The basic problem being dealt with here is that your eyes don't necessarily focus identically.
So, what these do is let you compensate for that difference. The main focus knob changes the focus for both eyes together. You use this to deal with the distance to the subject.
The second knob with the "+" and"-" adjusts the focus for only one eye relative to the other. It uses the name "diopter" because diopters are the unit normally used to measure corrective lenses (e.g. eyeglasses).
Positive numbers are magnifying and negative numbers are reducing lenses. In this context what matters is that positive corrects farsightedness and negative corrects nearsightedness.
To adjust it, you normally want to cover the lens with the diopter adjustment1, so you can't see through that side. Then focus on something with the normal focus knob. When it's sharp, switch the cover to the other lens. Then adjust the diopter knob to get that eye's image in focus (without changing the main focus knob).
Note that when you set the diopter knob, you're only correcting for the focus of one eye relative to the other. For example, if you're nearsighted in general, but the eye affected by the diopter knob is somewhat less nearsighted than the other eye, you'll use the
+ side of the adjustment range to compensate, even though that eye is near-sighted.

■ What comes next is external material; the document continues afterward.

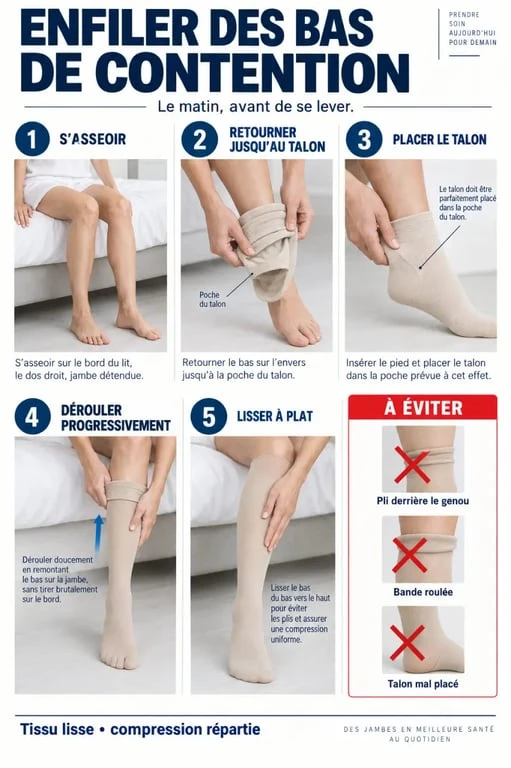 Jambes bas de contention avant après : étapes pour enfiler correctement un bas sans plis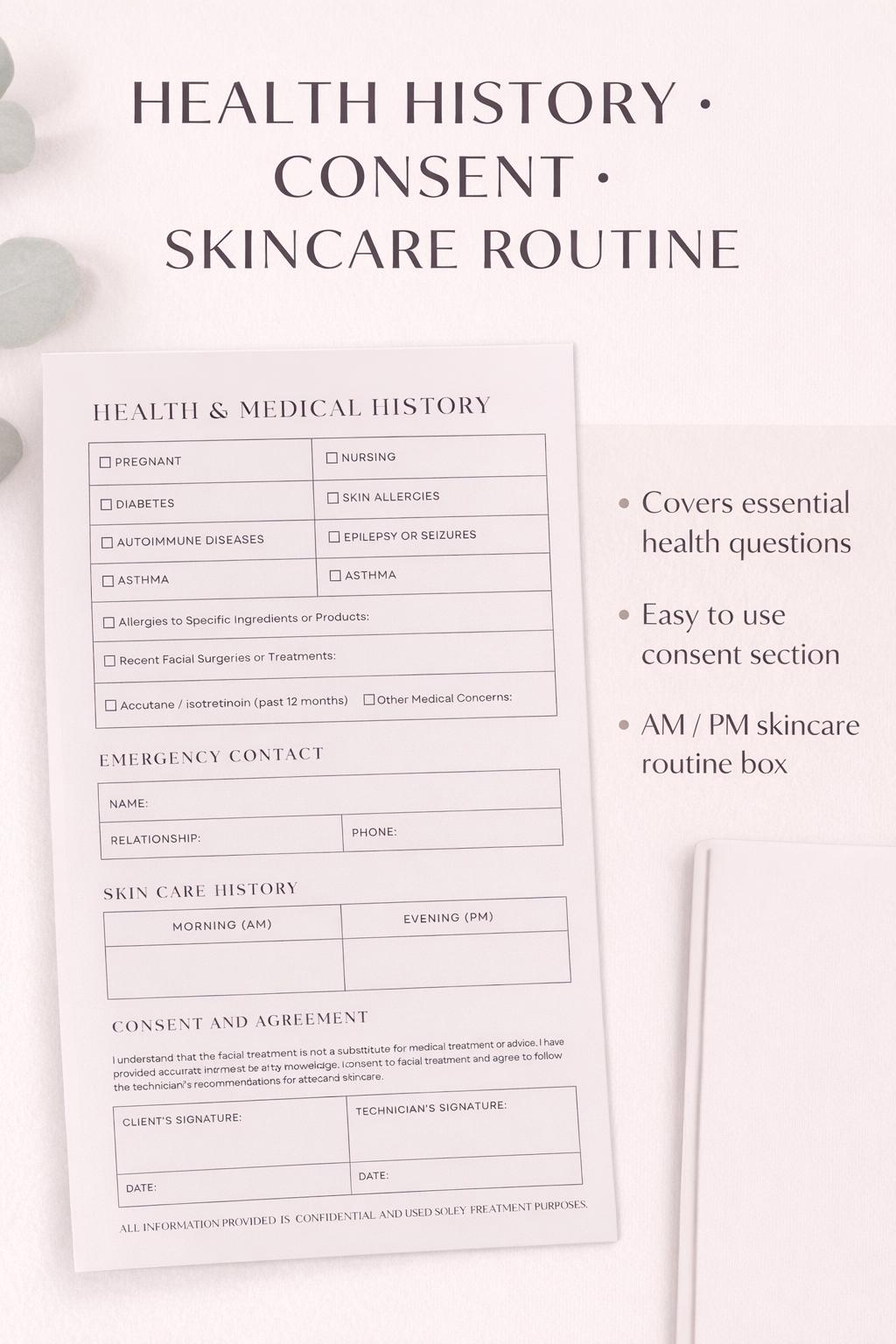Skin Script Intake Form Facial Client Intake Form | Editable Canva Template | Esthetician ...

From then on (unless somebody messes with it) you just focus with the main knob and leave the diopter knob alone.
- Sometimes people try to do this by closing one eye at a time. This does work to at least some degree, but using the lens cap is generally better. The problem is that when you close one eye, you're generally squinting somewhat with the other eye. You want to adjust the focus for when your eyes are relaxed.
The knob on the left is for adjusting the focus to the distance, the knob on the right is for diopter adjustment.

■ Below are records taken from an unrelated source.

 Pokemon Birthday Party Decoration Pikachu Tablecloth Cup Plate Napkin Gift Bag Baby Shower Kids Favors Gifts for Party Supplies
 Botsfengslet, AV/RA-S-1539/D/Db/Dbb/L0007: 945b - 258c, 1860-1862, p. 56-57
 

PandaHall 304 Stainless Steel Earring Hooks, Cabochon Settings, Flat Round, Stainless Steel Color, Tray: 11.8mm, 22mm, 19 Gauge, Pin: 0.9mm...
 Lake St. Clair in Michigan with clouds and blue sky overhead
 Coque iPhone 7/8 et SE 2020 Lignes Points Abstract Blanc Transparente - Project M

Beside the center focusing wheel, there usually is a separate diopter adjustment that serves to compensate for unequal vision that might exist between the viewer's two eyes. The diopter adjustment, which often has a scale showing plus (+) and minus (-) diopter settings on opposite sides of a zero (0) marker, might consist of a focusing ring located on the right eyepiece or it might exist as a cleverly disguised but separate function of the central-focusing system.
The diopter adjustment is a control knob on your binocular. It is designed to let you compensate for differences between your own two eyes. Once you set the diopter, then the two barrels should stay in proper relation. From then on you can focus just by turning the central focusing knob.
Sometimes people don't realize that their binocular has a diopter adjustment. If it gets turned, it can make the binocular unusable, as the two eyes can never focus at the same distance at the same time. (Sometimes a person thinks there's something wrong with the binocular, when all it needs it to have the diopter adjustment set properly.)
I have found nothing that says why + and - but would guess that it is simply to be able to tell them apart.